His exit from the courtroom befitted a man who had, in an age in which image frequently outweighs substance, the supreme terrorist icon. Carlos was no ordinary assassin; he was, to the late 20th century mind, political murder's star performer. He was, in fact, the ideal type of person around whose personality such a mystique could be constructed. All the ingredients appeared to be present: the son of a wealthy Latin-American Marxist; educated in and, allegedly, expelled from the Patrice Lumumba University in Moscow; responsible for a great deal of the most heinous terrorist acts in history as an employee of Muammar Gadafy, Saddam Hussein, Fidel Castro, the Red Brigades in Italy, the Baader Meinhof gang in Germany and of George Habash of the Popular Front for the Liberation of Palestine; the major character in a movie and a spy novel; a man whose face was seen by millions as an amorphous blob to which was attached a pair of dark glasses.
His performance in court served to bolster his image as the ultimate in so-called designer terrorism. Three times in the course of his trial he declared: ["]I admit and claim everything I am responsible only before history, the comrades, the martyrs, the Palestinian people.["]

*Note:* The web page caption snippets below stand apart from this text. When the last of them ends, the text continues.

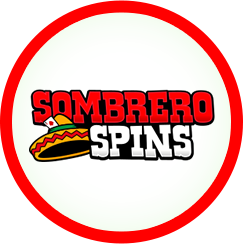 Sombrero Spins Overview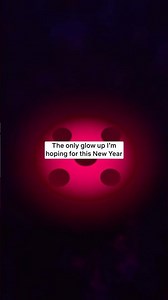 New year new me ✨ Miraculous: Ladybug & Cat Noir, The Movie now playing on Netflix!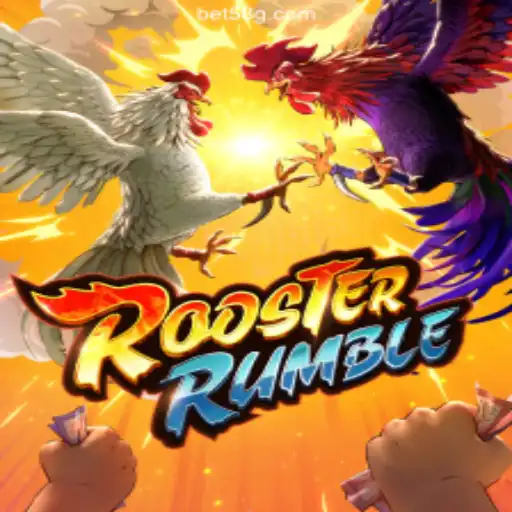 Exploring RoosterRumble: A Dive into Gameplay and Exclusive Promotions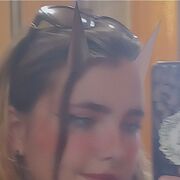  ,   , 21 ,   ,   , 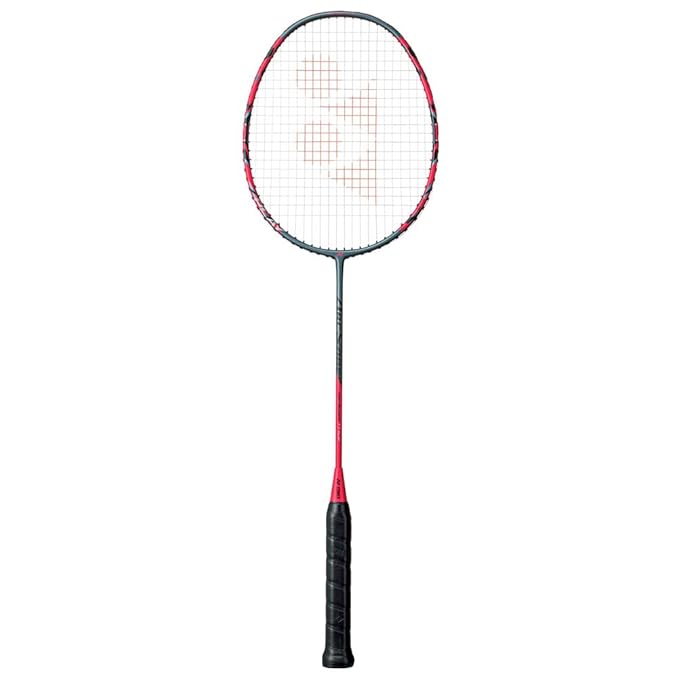 Arcsaber 11 Play Yonex Badminton Racquet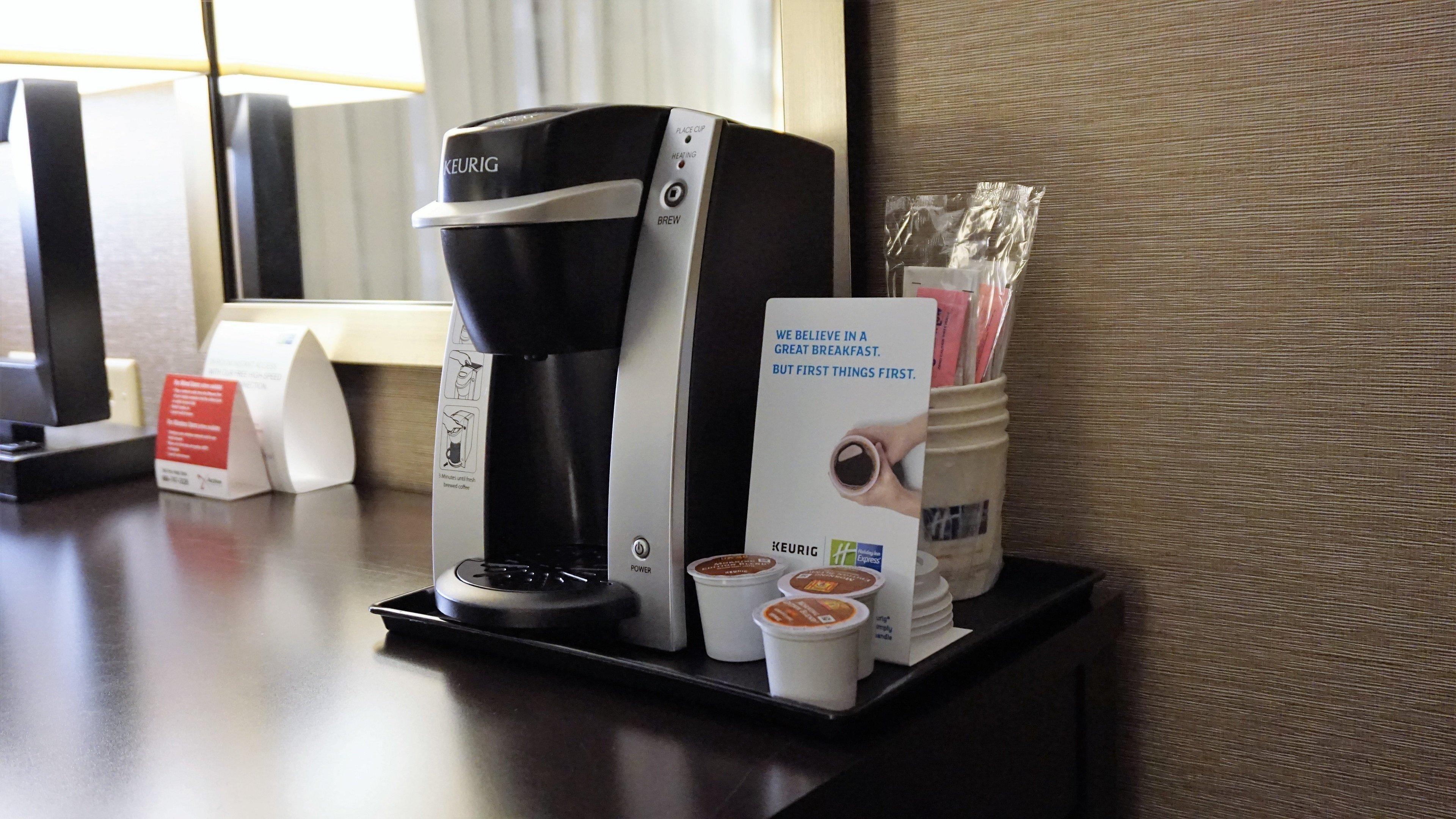 Hotel Express & Gibson By Ihg 3*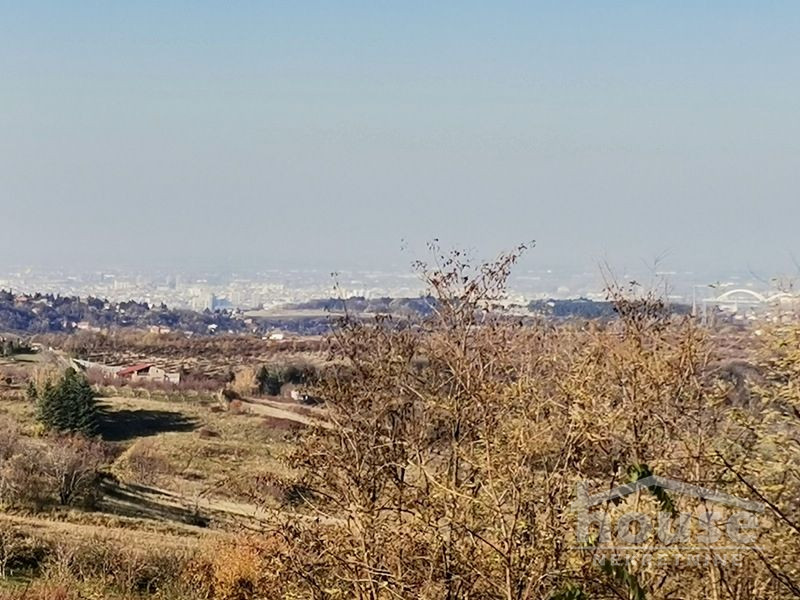 Plac,PETROVARADIN,ALIBEGOVAC13400m2,  276000€ , ID: 7080795 21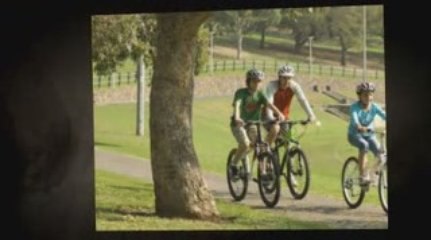 Visit the Bike Shop of Castle Hill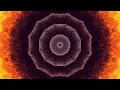 Dola re Dola (feat. Varun Jain) - MEDUZA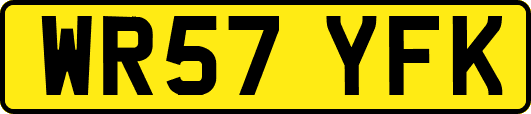 WR57YFK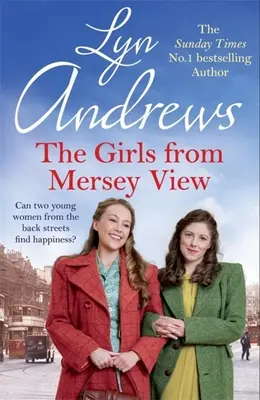 Las chicas de Mersey View - The Girls from Mersey View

The real Carlos, however, many have been radically different from the image he and others were so keen to portray. In some sections of the intelligence community he has been painted as a psychopath who liked shooting people in the face and whose successes were due to luck rather than precision. The image of Carlos the super-terrorist may have provided a convenient dumping place for the crimes of others. Certainly the killing of eleven Israeli athletes at the Munich Olympics is now believed to have been the work of the less flamboyant, more shadowy Abu Nidal.
Carlos, now 48, faces life in prison in a world in which the cold war has been won by the country he sees as his greatest political and cultural enemy. The cause of Palestine, to which he had devoted most of his perverse energies has, as a result of his actions, suffered rather than moved forward.
His bravado, his declarations and his posturing before the French court have failed to disguise the fact that The Jackal, far from being a glamorous revolutionary, was and is a dismal political failure.
Unfortunately glamour and charisma are more seductive and have a longer shelf life than the banal truth. The sending down of Carlos, therefore, is unlikely to deter those who wish to emulate what he has done or what he has purported to do.